» Assignment
Only those lines from the one with "Bán Gấp Nhà" through the last line of the material belong in the answer, each repeated exactly.

» Records for this task
========================

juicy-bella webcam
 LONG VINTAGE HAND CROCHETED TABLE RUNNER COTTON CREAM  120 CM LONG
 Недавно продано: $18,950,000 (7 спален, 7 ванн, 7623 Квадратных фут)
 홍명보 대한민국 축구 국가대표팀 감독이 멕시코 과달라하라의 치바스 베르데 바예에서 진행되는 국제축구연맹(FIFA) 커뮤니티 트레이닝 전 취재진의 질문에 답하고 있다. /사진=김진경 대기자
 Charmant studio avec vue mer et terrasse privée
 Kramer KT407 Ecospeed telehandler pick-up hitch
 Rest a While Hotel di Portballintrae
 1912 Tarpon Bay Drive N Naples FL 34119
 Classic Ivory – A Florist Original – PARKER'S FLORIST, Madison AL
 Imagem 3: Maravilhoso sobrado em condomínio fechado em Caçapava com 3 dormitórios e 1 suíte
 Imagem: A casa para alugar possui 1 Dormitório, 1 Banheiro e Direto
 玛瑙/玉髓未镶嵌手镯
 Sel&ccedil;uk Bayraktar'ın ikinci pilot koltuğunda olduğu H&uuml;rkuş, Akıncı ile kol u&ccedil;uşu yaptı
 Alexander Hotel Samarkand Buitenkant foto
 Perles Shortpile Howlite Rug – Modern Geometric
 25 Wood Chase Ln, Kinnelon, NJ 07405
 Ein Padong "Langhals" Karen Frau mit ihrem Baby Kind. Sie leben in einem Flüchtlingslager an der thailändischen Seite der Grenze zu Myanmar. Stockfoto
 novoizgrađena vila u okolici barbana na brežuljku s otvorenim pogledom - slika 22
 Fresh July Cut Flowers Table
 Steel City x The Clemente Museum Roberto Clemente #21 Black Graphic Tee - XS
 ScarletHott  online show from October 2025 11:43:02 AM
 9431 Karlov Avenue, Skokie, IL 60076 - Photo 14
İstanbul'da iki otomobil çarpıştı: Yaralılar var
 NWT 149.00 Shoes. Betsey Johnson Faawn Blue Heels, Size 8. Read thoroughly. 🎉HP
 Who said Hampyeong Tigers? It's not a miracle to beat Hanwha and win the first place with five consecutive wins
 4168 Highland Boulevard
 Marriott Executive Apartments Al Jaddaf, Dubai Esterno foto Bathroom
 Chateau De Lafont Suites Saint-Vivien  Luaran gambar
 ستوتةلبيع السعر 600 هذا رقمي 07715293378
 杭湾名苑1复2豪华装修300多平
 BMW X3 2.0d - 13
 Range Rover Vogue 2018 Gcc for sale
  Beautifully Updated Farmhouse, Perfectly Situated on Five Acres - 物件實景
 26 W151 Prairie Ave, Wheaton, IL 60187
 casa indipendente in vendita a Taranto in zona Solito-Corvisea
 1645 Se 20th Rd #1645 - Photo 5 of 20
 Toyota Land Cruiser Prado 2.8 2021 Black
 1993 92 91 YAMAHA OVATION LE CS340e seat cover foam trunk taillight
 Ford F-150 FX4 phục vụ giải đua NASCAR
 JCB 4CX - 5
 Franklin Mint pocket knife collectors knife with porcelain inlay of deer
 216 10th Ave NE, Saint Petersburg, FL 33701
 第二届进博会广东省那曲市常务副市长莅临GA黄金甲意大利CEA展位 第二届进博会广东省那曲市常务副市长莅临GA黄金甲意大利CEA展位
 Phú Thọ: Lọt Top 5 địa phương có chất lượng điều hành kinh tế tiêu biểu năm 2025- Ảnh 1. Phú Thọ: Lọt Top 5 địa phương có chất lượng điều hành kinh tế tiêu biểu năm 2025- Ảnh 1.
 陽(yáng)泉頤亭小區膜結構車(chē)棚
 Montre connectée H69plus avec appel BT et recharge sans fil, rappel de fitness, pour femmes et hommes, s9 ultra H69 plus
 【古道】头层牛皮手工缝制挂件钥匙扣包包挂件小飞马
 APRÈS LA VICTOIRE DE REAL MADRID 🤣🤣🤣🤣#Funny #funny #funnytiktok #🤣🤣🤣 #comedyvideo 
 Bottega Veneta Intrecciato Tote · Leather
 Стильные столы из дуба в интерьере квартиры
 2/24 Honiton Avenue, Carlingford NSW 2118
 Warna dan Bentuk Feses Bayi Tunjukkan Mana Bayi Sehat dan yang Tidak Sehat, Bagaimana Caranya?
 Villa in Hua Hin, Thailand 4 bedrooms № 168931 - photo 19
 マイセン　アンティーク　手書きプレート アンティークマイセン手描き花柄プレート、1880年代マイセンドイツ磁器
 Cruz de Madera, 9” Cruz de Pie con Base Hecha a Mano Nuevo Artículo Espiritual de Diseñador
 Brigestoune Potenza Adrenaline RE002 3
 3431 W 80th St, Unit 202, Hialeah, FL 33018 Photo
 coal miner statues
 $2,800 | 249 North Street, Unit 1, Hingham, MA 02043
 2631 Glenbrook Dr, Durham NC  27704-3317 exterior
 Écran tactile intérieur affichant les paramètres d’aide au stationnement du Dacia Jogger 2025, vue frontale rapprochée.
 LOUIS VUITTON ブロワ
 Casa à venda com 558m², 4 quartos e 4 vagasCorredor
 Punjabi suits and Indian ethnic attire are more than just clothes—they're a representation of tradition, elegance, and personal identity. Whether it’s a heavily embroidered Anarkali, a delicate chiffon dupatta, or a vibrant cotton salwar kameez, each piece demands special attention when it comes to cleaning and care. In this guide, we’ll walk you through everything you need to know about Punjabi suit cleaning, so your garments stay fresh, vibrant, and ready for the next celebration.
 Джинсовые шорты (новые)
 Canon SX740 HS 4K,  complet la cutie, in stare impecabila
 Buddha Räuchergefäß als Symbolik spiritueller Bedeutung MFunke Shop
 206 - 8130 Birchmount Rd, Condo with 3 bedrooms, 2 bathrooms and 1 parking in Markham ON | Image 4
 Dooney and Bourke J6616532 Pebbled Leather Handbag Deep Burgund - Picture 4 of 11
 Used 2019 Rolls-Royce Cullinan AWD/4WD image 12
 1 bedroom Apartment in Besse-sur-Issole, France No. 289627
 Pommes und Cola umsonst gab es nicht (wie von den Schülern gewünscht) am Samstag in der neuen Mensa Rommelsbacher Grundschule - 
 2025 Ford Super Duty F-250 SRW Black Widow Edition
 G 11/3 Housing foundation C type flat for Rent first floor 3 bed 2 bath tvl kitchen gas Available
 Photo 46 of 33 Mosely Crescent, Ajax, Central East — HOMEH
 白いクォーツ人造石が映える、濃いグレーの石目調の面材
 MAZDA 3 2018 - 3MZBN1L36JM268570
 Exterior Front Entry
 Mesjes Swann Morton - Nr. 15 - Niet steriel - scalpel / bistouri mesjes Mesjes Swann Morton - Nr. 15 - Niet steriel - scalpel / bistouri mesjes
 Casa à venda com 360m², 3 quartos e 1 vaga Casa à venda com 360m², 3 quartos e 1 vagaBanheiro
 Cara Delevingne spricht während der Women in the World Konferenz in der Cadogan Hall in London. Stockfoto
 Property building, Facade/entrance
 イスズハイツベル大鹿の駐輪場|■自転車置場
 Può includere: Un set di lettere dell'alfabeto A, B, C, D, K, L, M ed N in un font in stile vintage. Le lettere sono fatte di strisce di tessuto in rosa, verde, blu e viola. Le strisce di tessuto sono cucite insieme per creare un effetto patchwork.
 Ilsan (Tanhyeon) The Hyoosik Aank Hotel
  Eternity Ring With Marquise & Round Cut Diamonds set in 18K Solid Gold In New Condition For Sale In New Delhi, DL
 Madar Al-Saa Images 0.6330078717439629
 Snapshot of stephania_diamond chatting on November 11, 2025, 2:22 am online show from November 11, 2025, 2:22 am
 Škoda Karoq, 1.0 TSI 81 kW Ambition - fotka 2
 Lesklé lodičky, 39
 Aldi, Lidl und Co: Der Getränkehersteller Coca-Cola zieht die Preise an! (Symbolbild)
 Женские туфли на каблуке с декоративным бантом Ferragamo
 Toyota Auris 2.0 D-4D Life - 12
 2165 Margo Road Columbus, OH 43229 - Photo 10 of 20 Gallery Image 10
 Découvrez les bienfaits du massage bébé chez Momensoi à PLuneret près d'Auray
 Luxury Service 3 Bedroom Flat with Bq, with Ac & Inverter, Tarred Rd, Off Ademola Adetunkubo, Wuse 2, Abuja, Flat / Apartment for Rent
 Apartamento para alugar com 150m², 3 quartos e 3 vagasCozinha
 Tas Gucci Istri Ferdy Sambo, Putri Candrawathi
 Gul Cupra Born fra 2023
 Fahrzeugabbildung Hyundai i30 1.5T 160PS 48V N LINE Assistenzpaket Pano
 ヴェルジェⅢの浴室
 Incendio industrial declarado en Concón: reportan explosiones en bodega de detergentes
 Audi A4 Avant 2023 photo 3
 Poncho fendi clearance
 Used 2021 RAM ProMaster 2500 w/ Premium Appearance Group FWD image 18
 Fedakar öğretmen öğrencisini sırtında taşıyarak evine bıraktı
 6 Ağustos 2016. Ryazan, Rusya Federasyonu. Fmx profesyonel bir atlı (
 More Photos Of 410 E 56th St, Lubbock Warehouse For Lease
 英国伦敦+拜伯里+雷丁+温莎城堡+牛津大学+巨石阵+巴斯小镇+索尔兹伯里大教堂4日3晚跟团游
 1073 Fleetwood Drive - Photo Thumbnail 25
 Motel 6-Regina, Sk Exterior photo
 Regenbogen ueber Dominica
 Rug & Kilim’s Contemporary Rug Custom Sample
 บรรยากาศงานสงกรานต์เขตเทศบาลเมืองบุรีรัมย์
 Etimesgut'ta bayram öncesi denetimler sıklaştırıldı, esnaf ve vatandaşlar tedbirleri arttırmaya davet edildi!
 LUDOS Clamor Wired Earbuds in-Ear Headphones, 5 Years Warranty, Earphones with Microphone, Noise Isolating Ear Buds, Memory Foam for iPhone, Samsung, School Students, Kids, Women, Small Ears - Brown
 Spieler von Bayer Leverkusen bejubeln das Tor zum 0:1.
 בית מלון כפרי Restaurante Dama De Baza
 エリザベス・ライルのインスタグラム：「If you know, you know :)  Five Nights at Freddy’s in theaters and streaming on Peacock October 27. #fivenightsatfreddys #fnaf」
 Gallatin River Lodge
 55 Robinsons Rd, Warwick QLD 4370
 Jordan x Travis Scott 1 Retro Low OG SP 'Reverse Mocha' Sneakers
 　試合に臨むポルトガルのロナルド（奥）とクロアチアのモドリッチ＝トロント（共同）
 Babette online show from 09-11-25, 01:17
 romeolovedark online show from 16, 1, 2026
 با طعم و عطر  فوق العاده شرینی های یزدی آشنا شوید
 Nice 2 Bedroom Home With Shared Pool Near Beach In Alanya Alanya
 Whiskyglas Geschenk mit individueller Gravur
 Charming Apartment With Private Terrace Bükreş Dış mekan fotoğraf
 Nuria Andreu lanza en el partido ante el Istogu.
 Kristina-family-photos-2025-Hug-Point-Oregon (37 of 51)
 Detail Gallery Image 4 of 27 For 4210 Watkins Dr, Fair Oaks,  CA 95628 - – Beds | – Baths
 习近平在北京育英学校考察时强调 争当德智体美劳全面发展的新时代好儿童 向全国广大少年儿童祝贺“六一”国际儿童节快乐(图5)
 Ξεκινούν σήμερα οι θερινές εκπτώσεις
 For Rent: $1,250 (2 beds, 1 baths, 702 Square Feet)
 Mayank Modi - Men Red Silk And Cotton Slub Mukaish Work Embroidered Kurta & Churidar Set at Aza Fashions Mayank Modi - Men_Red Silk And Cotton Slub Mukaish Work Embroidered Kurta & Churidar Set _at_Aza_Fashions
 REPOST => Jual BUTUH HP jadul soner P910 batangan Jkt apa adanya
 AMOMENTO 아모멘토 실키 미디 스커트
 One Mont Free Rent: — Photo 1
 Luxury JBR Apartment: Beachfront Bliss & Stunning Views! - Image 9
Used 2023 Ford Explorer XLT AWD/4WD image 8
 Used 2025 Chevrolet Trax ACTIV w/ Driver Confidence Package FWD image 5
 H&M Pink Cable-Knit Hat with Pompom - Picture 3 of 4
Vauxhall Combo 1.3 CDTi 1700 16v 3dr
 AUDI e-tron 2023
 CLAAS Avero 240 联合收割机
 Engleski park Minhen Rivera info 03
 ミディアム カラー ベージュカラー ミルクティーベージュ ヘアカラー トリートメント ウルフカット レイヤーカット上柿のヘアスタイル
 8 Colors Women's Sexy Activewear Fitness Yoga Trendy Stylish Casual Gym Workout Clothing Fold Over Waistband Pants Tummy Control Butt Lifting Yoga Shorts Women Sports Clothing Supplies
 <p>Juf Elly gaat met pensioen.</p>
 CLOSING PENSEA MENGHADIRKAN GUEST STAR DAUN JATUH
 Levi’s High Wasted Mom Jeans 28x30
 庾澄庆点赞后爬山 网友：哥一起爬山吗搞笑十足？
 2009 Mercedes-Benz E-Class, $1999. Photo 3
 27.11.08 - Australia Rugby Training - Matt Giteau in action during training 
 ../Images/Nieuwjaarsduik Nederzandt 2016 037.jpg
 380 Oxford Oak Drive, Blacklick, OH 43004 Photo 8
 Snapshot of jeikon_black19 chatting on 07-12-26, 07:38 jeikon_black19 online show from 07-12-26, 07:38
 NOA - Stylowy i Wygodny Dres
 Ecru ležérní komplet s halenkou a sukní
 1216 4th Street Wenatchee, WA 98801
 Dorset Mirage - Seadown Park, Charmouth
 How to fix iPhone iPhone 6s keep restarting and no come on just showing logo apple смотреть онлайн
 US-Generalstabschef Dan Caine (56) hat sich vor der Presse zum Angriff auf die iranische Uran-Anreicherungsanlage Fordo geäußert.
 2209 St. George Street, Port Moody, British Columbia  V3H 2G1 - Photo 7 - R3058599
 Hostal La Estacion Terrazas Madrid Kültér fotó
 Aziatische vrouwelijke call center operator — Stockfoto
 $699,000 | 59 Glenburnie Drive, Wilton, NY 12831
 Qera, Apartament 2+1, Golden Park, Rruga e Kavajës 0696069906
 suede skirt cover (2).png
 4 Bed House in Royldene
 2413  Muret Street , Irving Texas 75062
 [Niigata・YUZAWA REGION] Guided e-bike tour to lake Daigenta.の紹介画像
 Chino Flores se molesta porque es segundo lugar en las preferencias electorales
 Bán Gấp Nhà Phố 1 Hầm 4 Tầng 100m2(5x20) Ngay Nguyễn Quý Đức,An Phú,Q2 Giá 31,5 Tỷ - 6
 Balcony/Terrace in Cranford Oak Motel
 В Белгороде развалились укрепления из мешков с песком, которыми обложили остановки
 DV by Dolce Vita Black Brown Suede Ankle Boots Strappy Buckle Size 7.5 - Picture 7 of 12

========================

» Task result
 Bán Gấp Nhà Phố 1 Hầm 4 Tầng 100m2(5x20) Ngay Nguyễn Quý Đức,An Phú,Q2 Giá 31,5 Tỷ - 6
 Balcony/Terrace in Cranford Oak Motel
 В Белгороде развалились укрепления из мешков с песком, которыми обложили остановки
 DV by Dolce Vita Black Brown Suede Ankle Boots Strappy Buckle Size 7.5 - Picture 7 of 12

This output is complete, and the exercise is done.